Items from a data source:
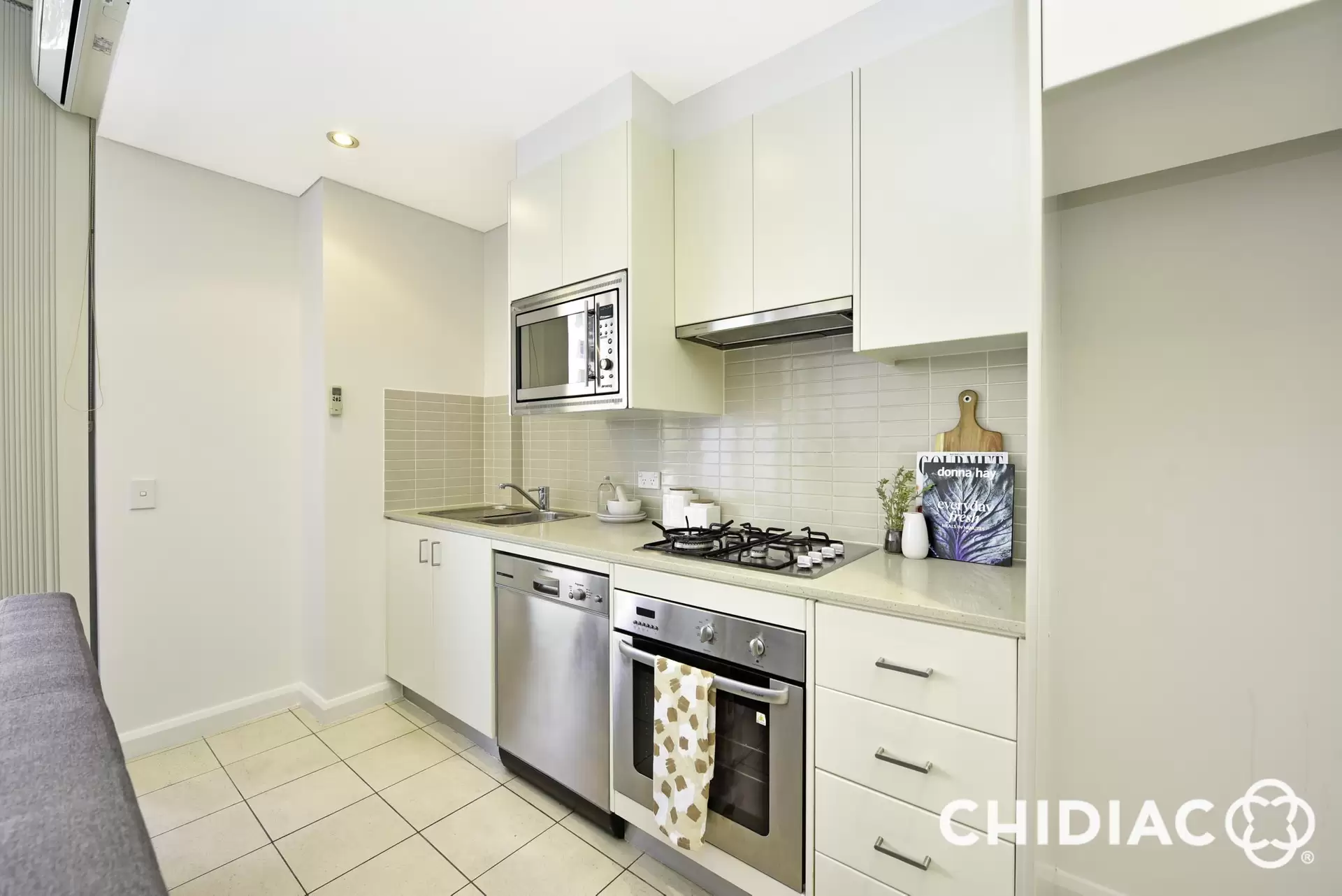 215/21 Hill Road, Wentworth Point Leased by Chidiac Realty - image 1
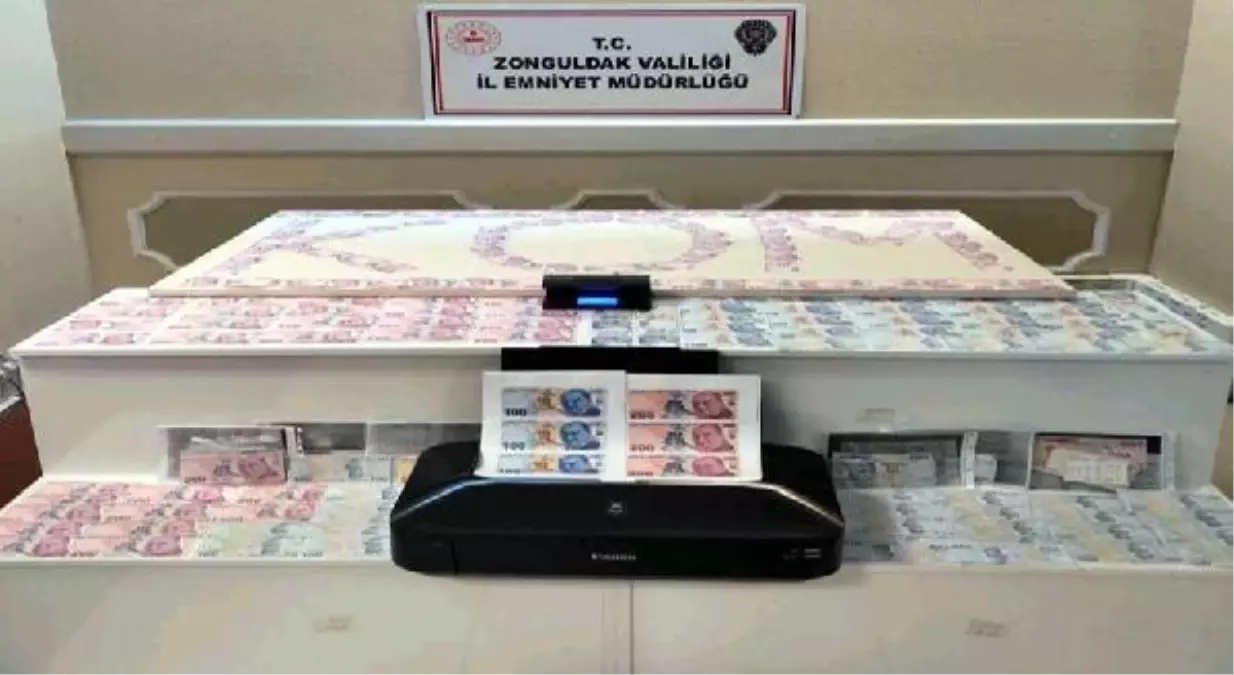 ATM'ye sahte para yatırıp gerçek para çeken çift yakalandı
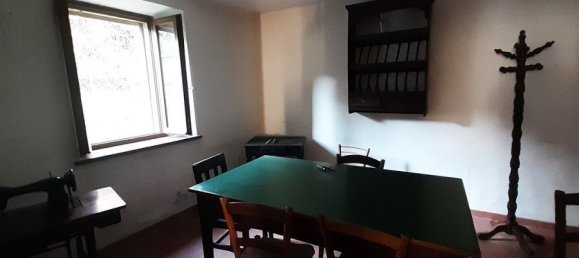 3 Schlafzimmer Haus in Minucciano, Italy, Nr. 139937 8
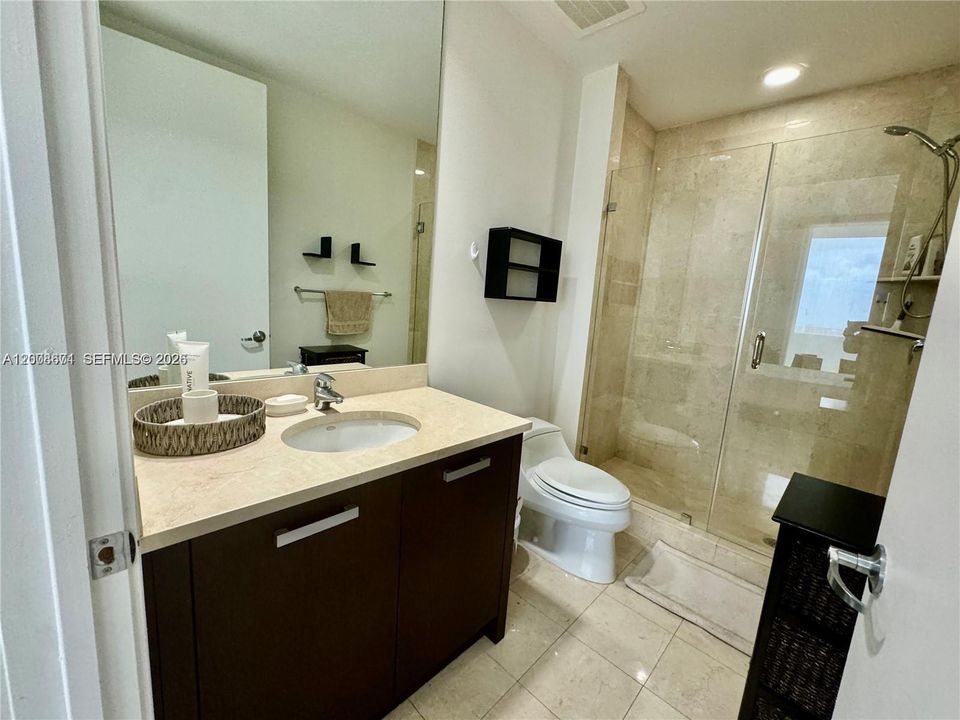 Recently Rented: $9,500 (3 beds, 3 baths, 2100 Square Feet)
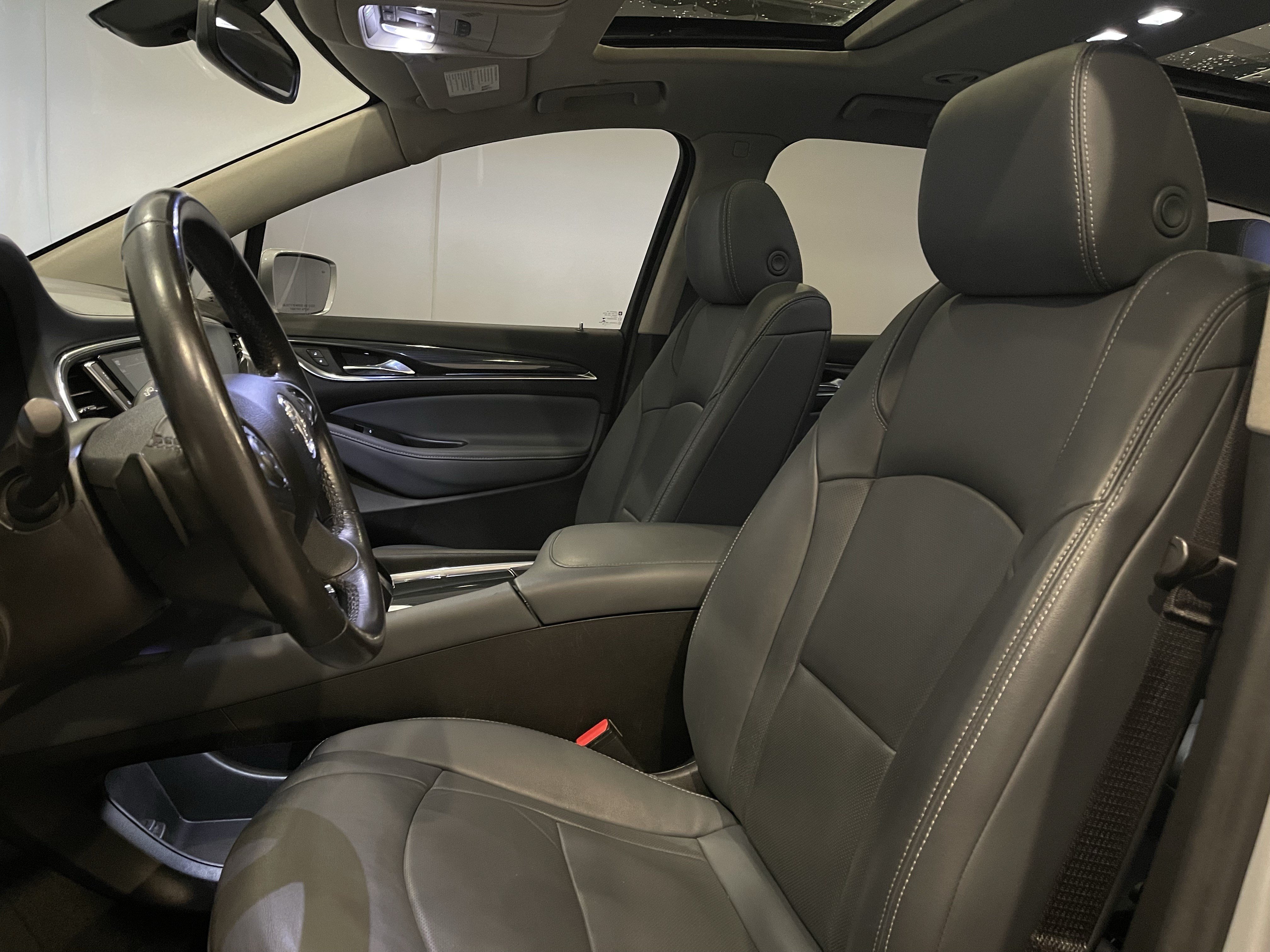 Used 2019 Buick Enclave Essence AWD/4WD image 14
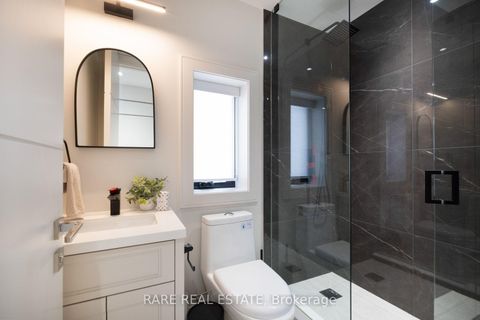 Photo 26 at 61 Shannon Street, Bellwoods, Toronto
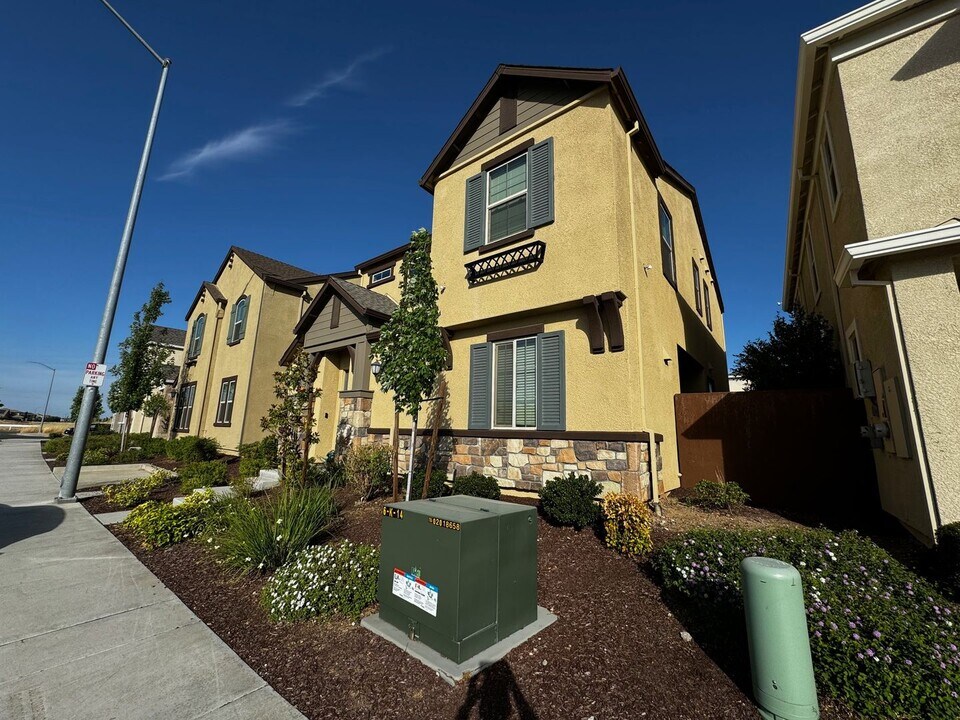 7462 Clear Lake Aly in Sacramento, CA - Building Photo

● DIRECTIONS FOR THIS TASK: From the line containing "Used 2019 Buick" down to the last line of the entries above, retype each line exactly as it stands, but skip the pictures.

● FINAL ANSWER:
 Used 2019 Buick Enclave Essence AWD/4WD image 14
 Photo 26 at 61 Shannon Street, Bellwoods, Toronto
 7462 Clear Lake Aly in Sacramento, CA - Building Photo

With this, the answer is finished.